Wednesday, August 13, 2008

A Nation of (Scoff)Laws

In a speech to the American Bar Association where he announced that there would be no prosecutions against members of the Bush administration for politicizing the Justice Department -- including unethical firings of U.S. Attorneys, hiring of career Justice posts on the basis of political affiliation, and selective prosecutions designed to harrass Democrats -- Attorney General Michael Mukasey said that he did not see any crimes to prosecute. “Not every wrong, or even every violation of the law, is a crime,” he said. In any case, the wrongdoers have been punished, he claimed, by “substantial negative publicity.”

For its sheer audacity, Mukasey's main quote bears repeating: "Not every wrong, or even every violation of the law, is a crime."

This is not language that sounds remotely like the chief law enforcement officer in the country. This isn't even legalese. This is "Johnny Cochrane-ese." Sure, it is sometimes true that a person who kills another person is not guilty of a crime. Sure, if I spit on the sidewalk, or speed when the cops aren't looking, or write my cable bill off on my taxes, I might be violating the law, but really: did I commit "a crime?"

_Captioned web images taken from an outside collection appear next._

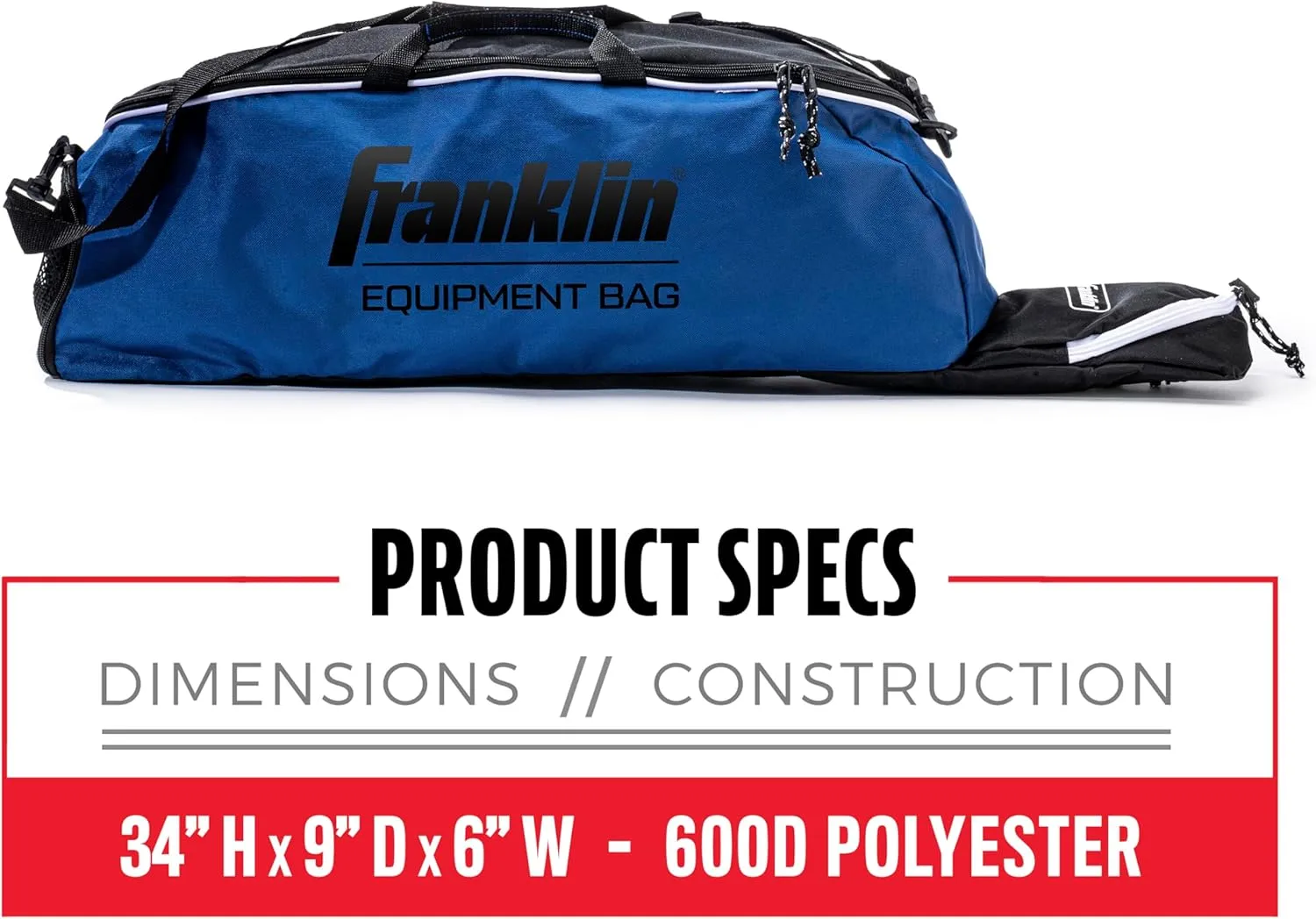 Franklin Sports Youth Baseball Bat Bag - Kids Teeball, Softball, Baseball Equipment Bag - Holds Bat, Helmet, Cleats and More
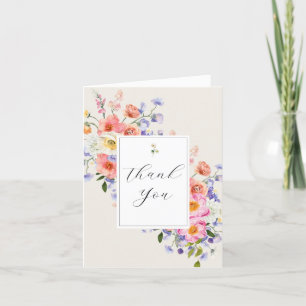 Elegance Pink Boho Floral Thank You Card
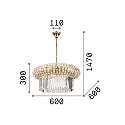 Ideal Lux Pendant luminaire NABUCCO, 12 flames, Ø 60cm, E14, gold / clear chrystals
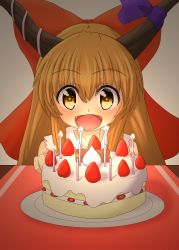 Rule 34 | 1girl, :d, absurdres, birthday cake, blush, bow, brown eyes, brown hair, cake, candle, fangs, food, fruit, hair bow, highres, horn ornament, horn ribbon, horns, ibuki suika, large bow, long hair, open mouth, ribbon, smile, solo, strawberry, table, teoi (good chaos), touhou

Still, Kenneth Starr heard Bill Clinton lie about getting a BJ from an intern in the White House, and decided THAT was a crime for which he deserved to be impeached. But, if Bush/Cheney authorize their military to commit unspeakable acts against Gitmo detainees, or look the other way while CIA interrogators go to the "dark side" with terrorism suspects, or direct their former White House counsel and Attorney General to make sure that no Democrat or progressive thinker or homosexual or environmental activist ever sees the inside of the Justice Department building, then Mukasey and Nancy Pelosi see no crimes to prosecute.

I thought it an appropriate time to look at the Preamble to our Constitution:

We the People of the United States, in Order to form a more perfect Union, establish Justice, insure domestic Tranquility, provide for the common defense, promote the general Welfare, and secure the Blessings of Liberty to ourselves and our Posterity, do ordain and establish this Constitution for the United States of America.

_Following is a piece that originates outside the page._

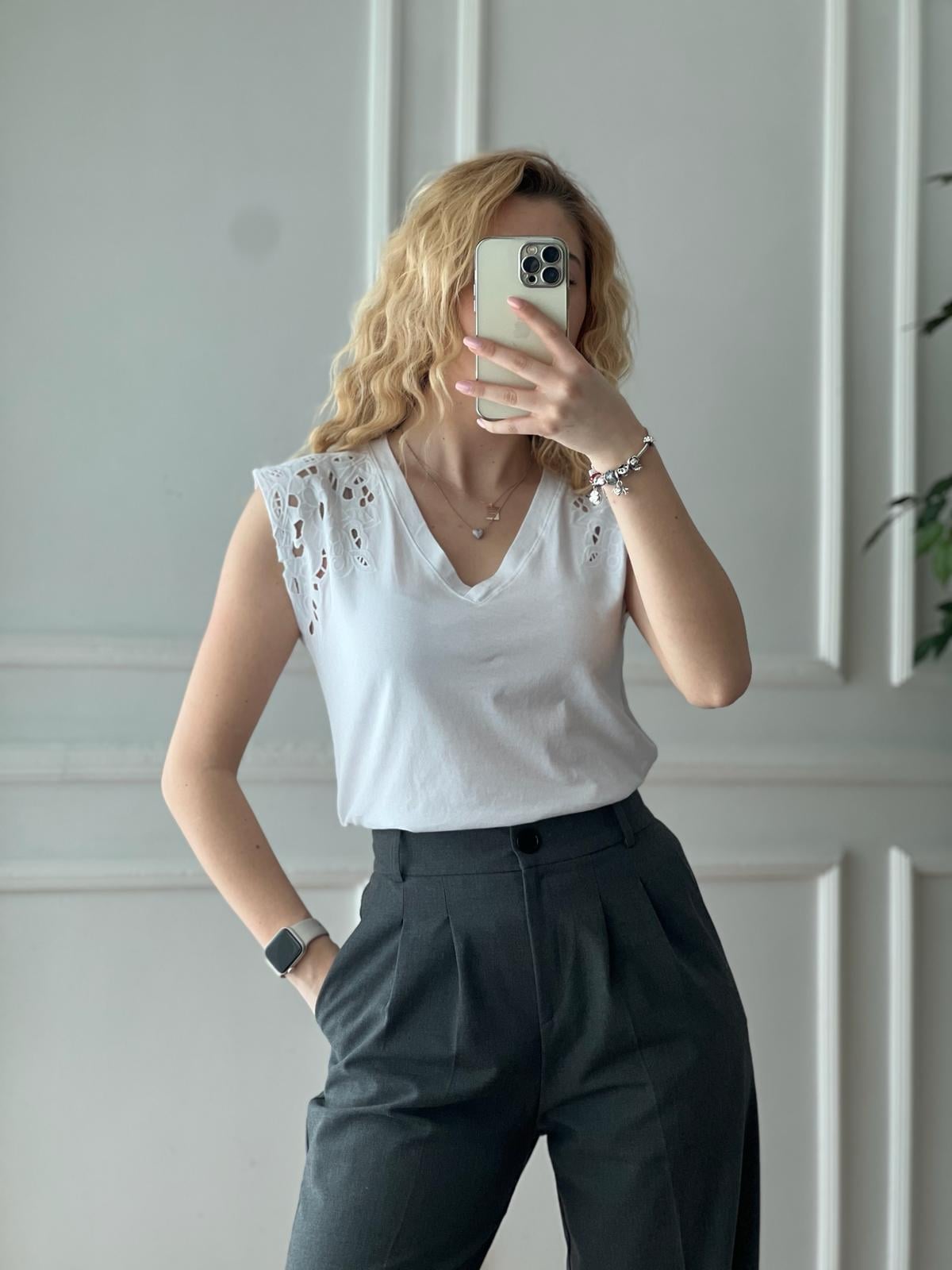 Kolu Nakışlı Tshirt 4709 Beyaz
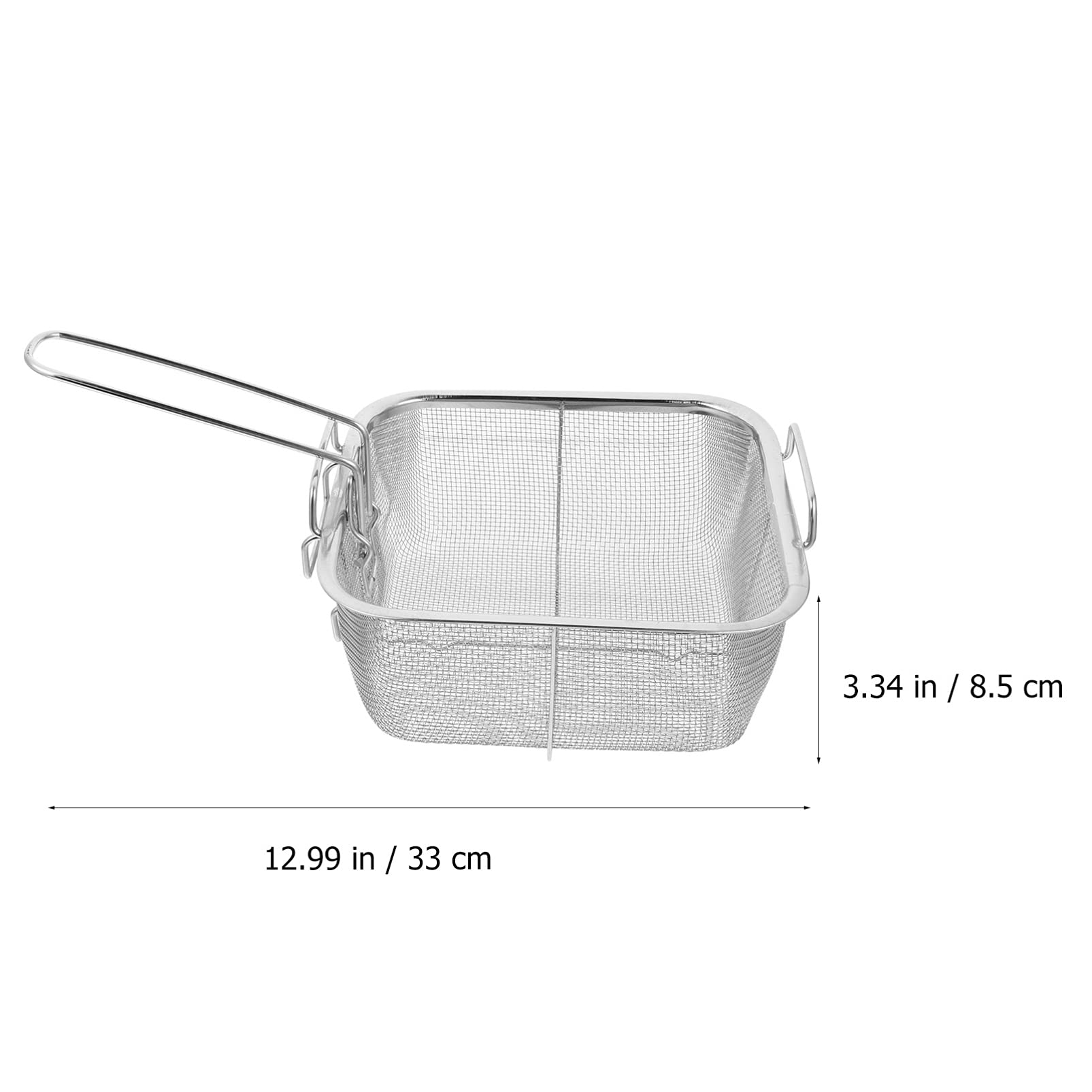 DOITOOL Stainless Steel Deep Fry Basket - Round Wire Mesh French Fry Basket with Folding Handle for Kitchen, Perfect for Frying Chips, Chicken Wings, and Donuts - Ideal for Home Cooking and Restaurant Use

"in Order to form a more perfect Union"
"establish Justice"
"insure domestic Tranquility"
"secure the Blessings of Liberty to ourselves and our Posterity"

Take a moment and look at the words that are capitalized. Order, Union, Justice, Tranquility, Welfare, Blessings, Liberty, Posterity. It is no coincidence that the word "defense" is not capitalized, but I digress. The capitalized words speak to Peace and to Freedom, to a relationship with a Creator who endowed us with inalienable rights. The framers followed this Preamble up with brilliantly crafted laws which mandated checks and balances, firmly believing in the honor of the men who would legislate, enforce and interpret those laws while acknowledging the humanity inherent in the temptation to bend, stretch, or break those laws. They did not leave room for the possibility that law-breakers would be able to escape without consequence. But, here we are.

The Bush administration, the Speaker of the House, and others who find themselves unable to adhere to the letter of the law or fail to prosecute law-breakers, instead hiding behind a shroud of "national security" or "unitary executive" or "state secrets," have succeeded in publicly trashing the most revered legal document in human history.

We voted for them, and we ought to be ashamed of ourselves. We the People of the United States.